まずEntryBCIがJVMCICompiler.INVOCATION_ENTRY_BCIか確認します。BCI = ByteCode Index（バイトコードインデックス）です。インデックスがINVOCATION_ENTRY_BCIと同じであれば、それはOSRでないコンパイルリクエストなので、returnして終了です。INVOCATION_ENTRY_BCIの実際の値は-1です。BCIはJVMCIのCompilationRequestオブジェクトから取得できます。

package jdk.vm.ci.code;

/**
 * Represents a request to compile a method.
 */
public class CompilationRequest {
...
    /**
     * Gets the bytecode index (BCI) at which to start compiling where -1 denotes a non-OSR
     * compilation request and all other values denote an on stack replacement (OSR) compilation
     * request.
     */
    public int getEntryBCI() {
        return entryBCI;
    }

次にEntryMarkerNodeノードをグラフから取り出します。

/**
 * This node will be inserted at point specified by {@link StructuredGraph#getEntryBCI()}, usually
 * by the graph builder.
 */
@NodeInfo(allowedUsageTypes = Association, cycles = CYCLES_0, size = SIZE_0)
public final class EntryMarkerNode extends BeginStateSplitNode implements IterableNodeType, LIRLowerable {

これはOSR対象であるグラフに1つだけ設定されています。

さらにLoopBeginNodeループ開始ノード、モニタでのロックがあるかを取り出します。

        do {
            osr = getEntryMarker(graph);
            LoopsData loops = new LoopsData(graph);
            // Find the loop that contains the EntryMarker
            Loop<Block> l = loops.getCFG().getNodeToBlock().get(osr).getLoop();
            if (l == null) {
                break;
            }

            iterations++;
            if (maxIterations == -1) {
                maxIterations = l.getDepth();
            } else if (iterations > maxIterations) {
                throw GraalError.shouldNotReachHere();
            }
            // Peel the outermost loop first
            while (l.getParent() != null) {
                l = l.getParent();
            }

            LoopTransformations.peel(loops.loop(l));
            osr.replaceAtUsages(InputType.Guard, AbstractBeginNode.prevBegin((FixedNode) osr.predecessor()));
            for (Node usage : osr.usages().snapshot()) {
                EntryProxyNode proxy = (EntryProxyNode) usage;
                proxy.replaceAndDelete(proxy.value());
            }
            GraphUtil.removeFixedWithUnusedInputs(osr);
            debug.dump(DebugContext.DETAILED_LEVEL, graph, "OnStackReplacement loop peeling result");
        } while (true);

loops.getCFG().getNodeToBlock().get(osr).getLoop()を見ます。

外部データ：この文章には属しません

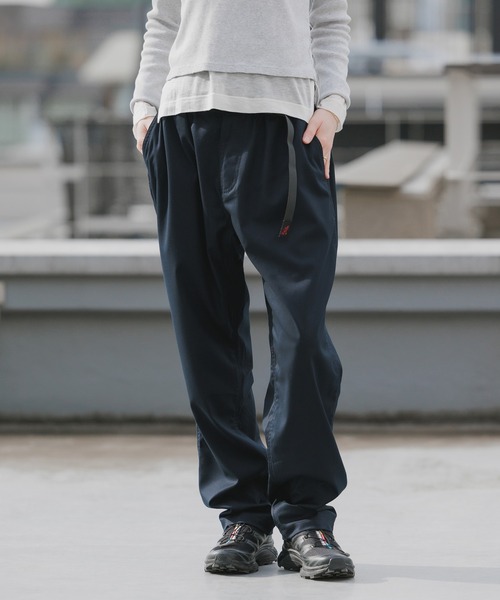 日本限定モデル】Gramicci/グラミチ GABARDINE EAZY TAPERED PANT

CFGは"Control Flow Graph: 制御フローグラフ"です。Graalのグラフオブジェクトはさまざまな情報を持っていますので、これをCFGとして扱えるようラップしたオブジェクトを使います。さらに、ノードから対応するブロックを取り出せるようにしてEntryMarkerNodeに対応するノードを取り出し、そのLoopオブジェクトを取得しています。

maxIterationsはローカル変数で初期値は-1です。

"Peel the outermost loop first"というコメントがあります。ループのピーリング（ループカウンタをアップして、ループ内の処理をループの外側に通常のコードとして配置する）をするために、もっとも外側のループから始めたいからです。Loopオブジェクトはさらに外側のループをparentとして持っています。そのあとのLoopTransformations.peel()でピーリングしているようです。

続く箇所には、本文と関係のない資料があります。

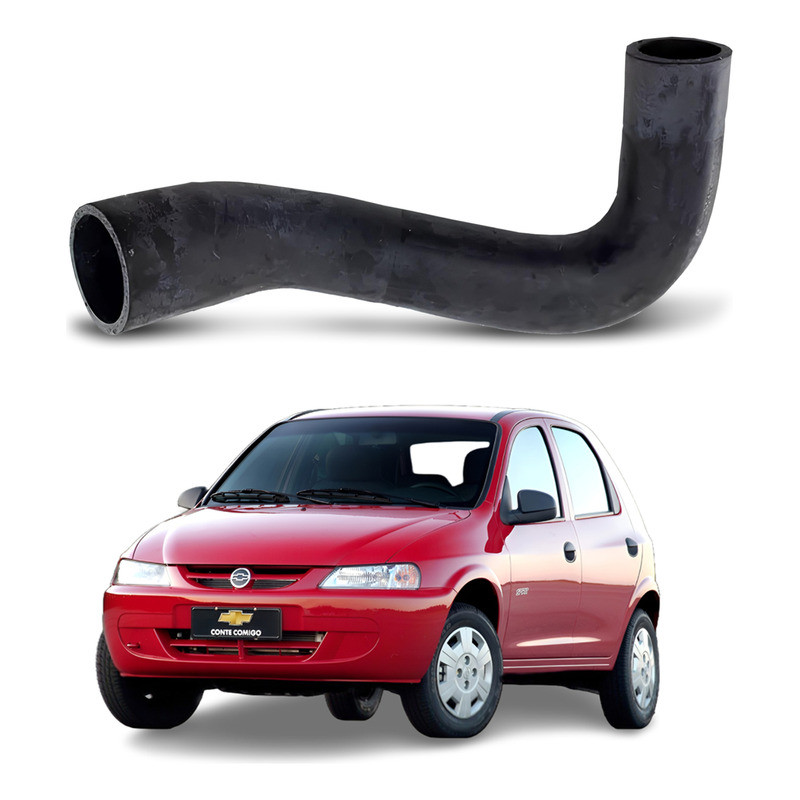 Mangueira Superior Radiador Celta 1.0 2000 A 2005 em Oferta na Shopee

そのあとはノードの削除をしてるようですが、どういうことかは僕はわかっていません。

        FrameState osrState = osr.stateAfter();
        osr.setStateAfter(null);
        OSRStartNode osrStart = graph.add(new OSRStartNode());
        StartNode start = graph.start();
        FixedNode next = osr.next();
        osr.setNext(null);
        osrStart.setNext(next);
        graph.setStart(osrStart);
        osrStart.setStateAfter(osrState);

EntryMarkerNodeからFrameStateを取得します。FrameStateは抽象解釈において特定地点でのframe state（ローカル変数とオペランドスタック）をカプセル化したオブジェクトです。

StartNodeは後に使います。EntryMarkerNodeの次のノードを、新しく生成したOSRStartNodeのnextに設定します。ノードの移動でしょう。なぜするのか？僕にはまだ見えていません。

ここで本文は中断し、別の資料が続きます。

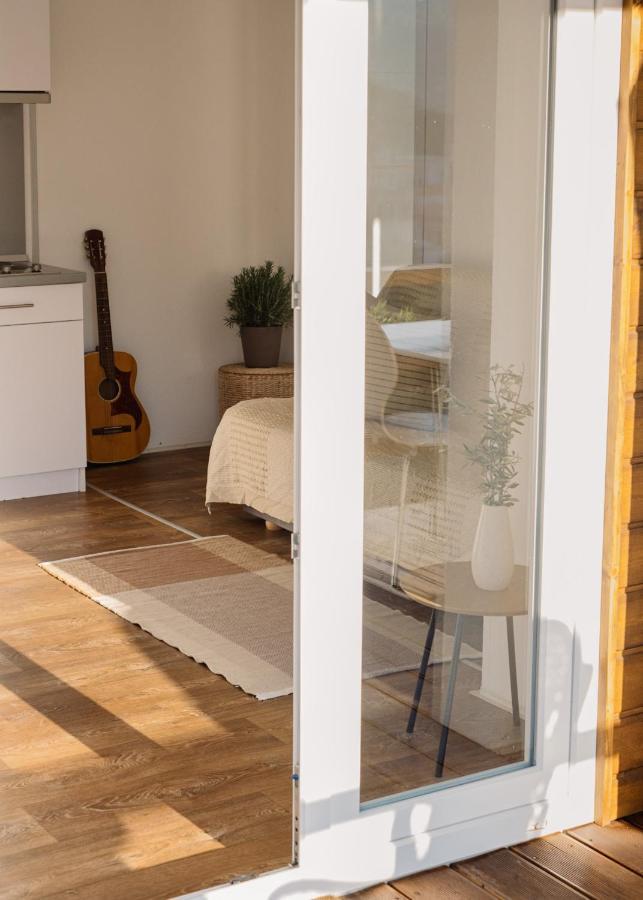 Nature House With A Wooden Porch - Pasika, House Tonka Pucisca Esterno foto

        final int localsSize = osrState.localsSize();
        final int locksSize = osrState.locksSize();

localsSizeはローカル変数のサイズ、locksSizeはframe stateの現在のサイズ（つまり高さ）です。

        for (int i = 0; i < localsSize + locksSize; i++) {
            ValueNode value = null;
            if (i >= localsSize) {
                value = osrState.lockAt(i - localsSize);
            } else {
                value = osrState.localAt(i);
            }
            if (value instanceof EntryProxyNode) {
                EntryProxyNode proxy = (EntryProxyNode) value;
                /*
                 * We need to drop the stamp since the types we see during OSR may be too precise
                 * (if a branch was not parsed for example). In cases when this is possible, we
                 * insert a guard and narrow the OSRLocal stamp at its usages.
                 */
                Stamp narrowedStamp = proxy.value().stamp();
                Stamp unrestrictedStamp = proxy.stamp().unrestricted();
                ValueNode osrLocal;
                if (i >= localsSize) {
                    osrLocal = graph.addOrUnique(new OSRLockNode(i - localsSize, unrestrictedStamp));
                } else {
                    osrLocal = graph.addOrUnique(new OSRLocalNode(i, unrestrictedStamp));
                }
                // Speculate on the OSRLocal stamps that could be more precise.
                OSRLocalSpeculationReason reason = new OSRLocalSpeculationReason(osrState.bci, narrowedStamp, i);
                if (graph.getSpeculationLog().maySpeculate(reason) && osrLocal instanceof OSRLocalNode && value.getStackKind().equals(JavaKind.Object) && !narrowedStamp.isUnrestricted()) {
                    // Add guard.
                    LogicNode check = graph.addOrUniqueWithInputs(InstanceOfNode.createHelper((ObjectStamp) narrowedStamp, osrLocal, null, null));
                    JavaConstant constant = graph.getSpeculationLog().speculate(reason);
                    FixedGuardNode guard = graph.add(new FixedGuardNode(check, DeoptimizationReason.OptimizedTypeCheckViolated, DeoptimizationAction.InvalidateRecompile, constant, false));
                    graph.addAfterFixed(osrStart, guard);

                    // Replace with a more specific type at usages.
                    // We know that we are at the root,
                    // so we need to replace the proxy in the state.
                    proxy.replaceAtMatchingUsages(osrLocal, n -> n == osrState);
                    osrLocal = graph.addOrUnique(new PiNode(osrLocal, narrowedStamp, guard));
                }
                proxy.replaceAndDelete(osrLocal);
            } else {
                assert value == null || value instanceof OSRLocalNode;
            }
        }

いやーわかりません。さらにまだ続くのですが、このアプローチではここまでのようです。